## What you have to do
Nothing but the lines from the one containing "Седан Toyota Camry" through the end of the data should be retyped, exactly as they stand, and pictures should not be retyped.

[Stored entries]
◆ ◆ ◆ ◆ ◆
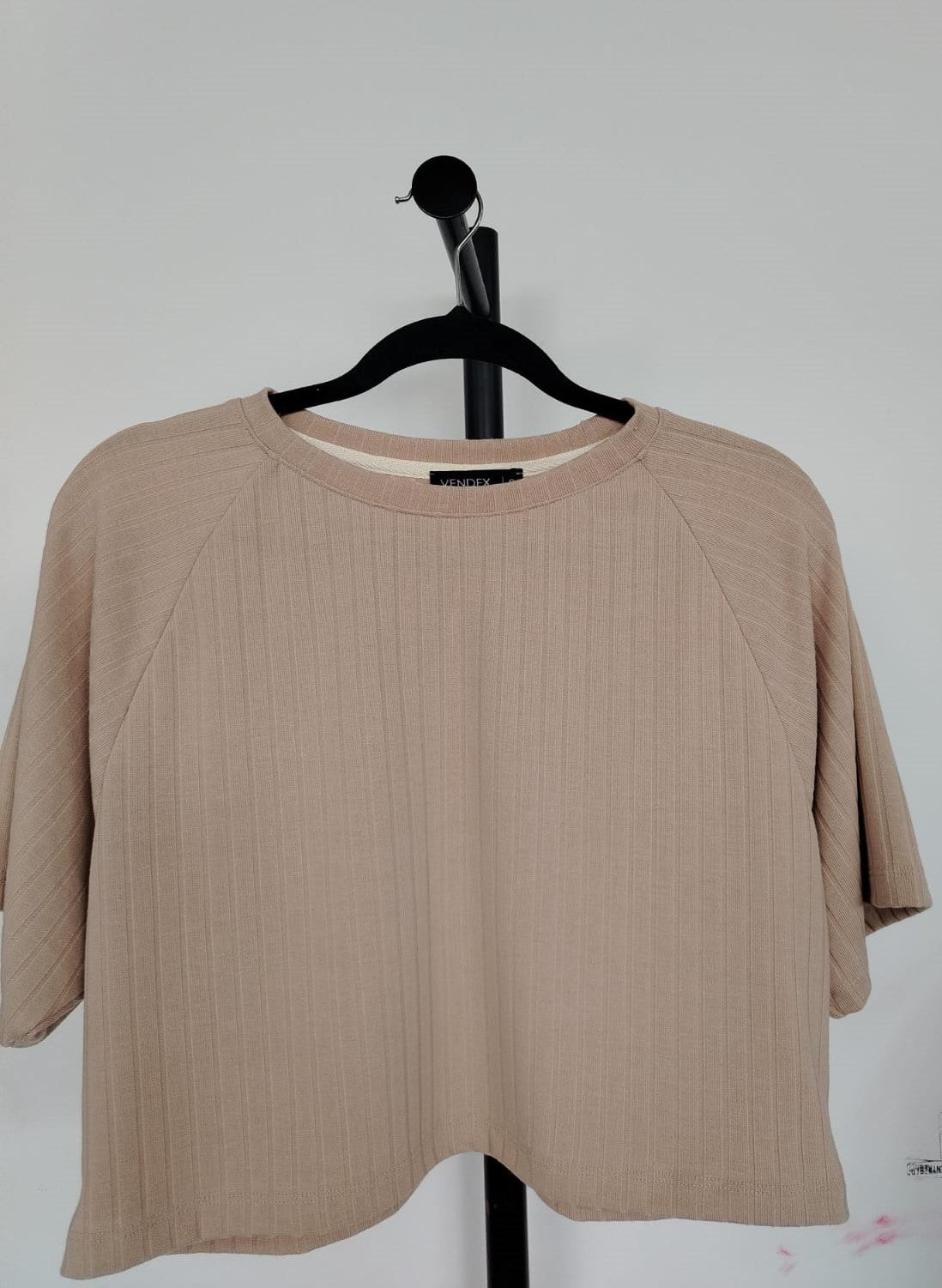 Conjunto Elena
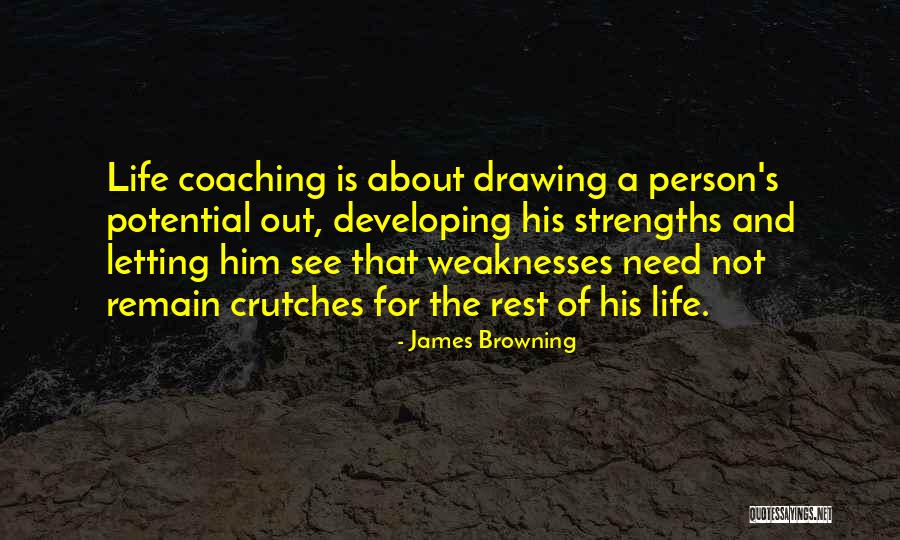 Sherlocked In Frederick Quotes By James Browning Sherlocked In Frederick Quotes By James Browning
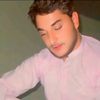 safeer.kashmiri.h1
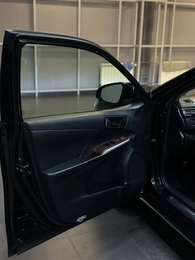 Седан Toyota Camry 2013 года, 1797000 рублей, Красноярск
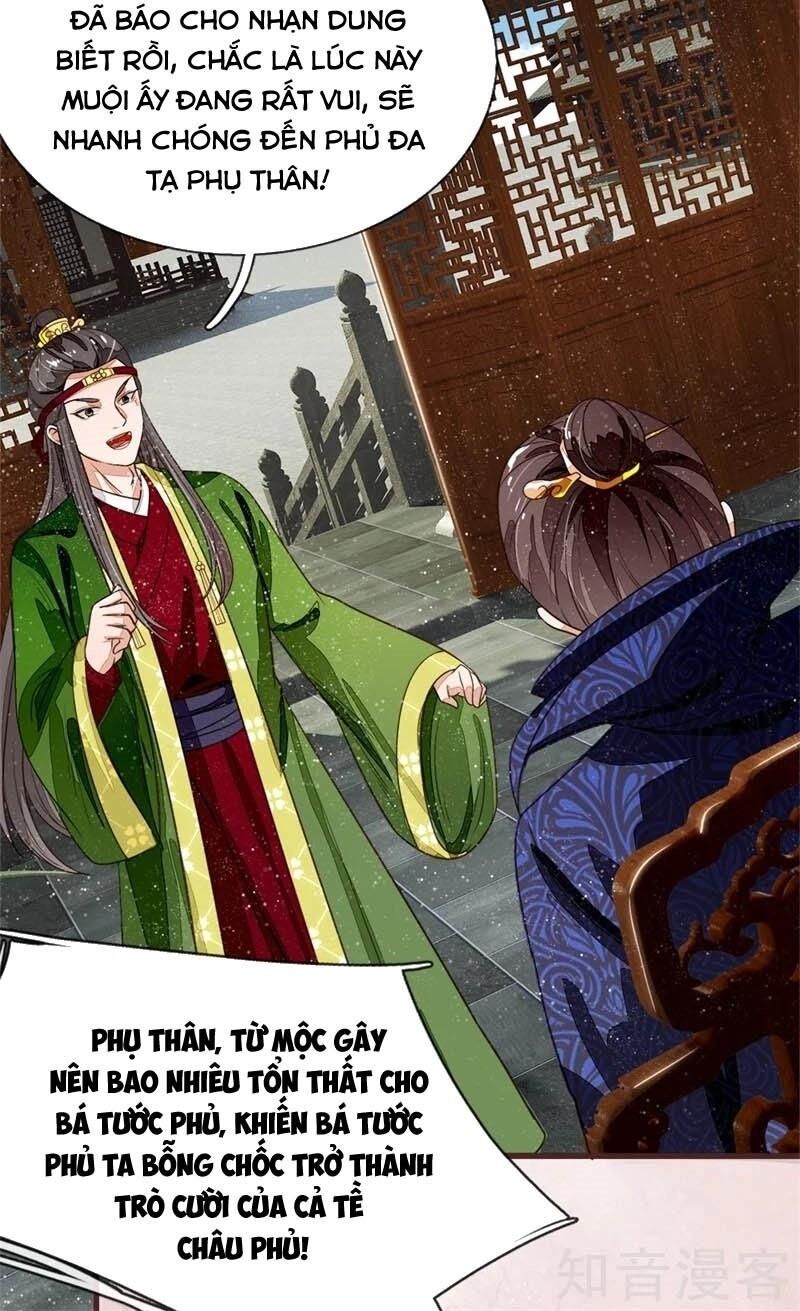 Đệ Nhất Hoàn Khố Chapter 83 - Trang 2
◆ ◆ ◆ ◆ ◆
## Task answer
 Седан Toyota Camry 2013 года, 1797000 рублей, Красноярск
 Đệ Nhất Hoàn Khố Chapter 83 - Trang 2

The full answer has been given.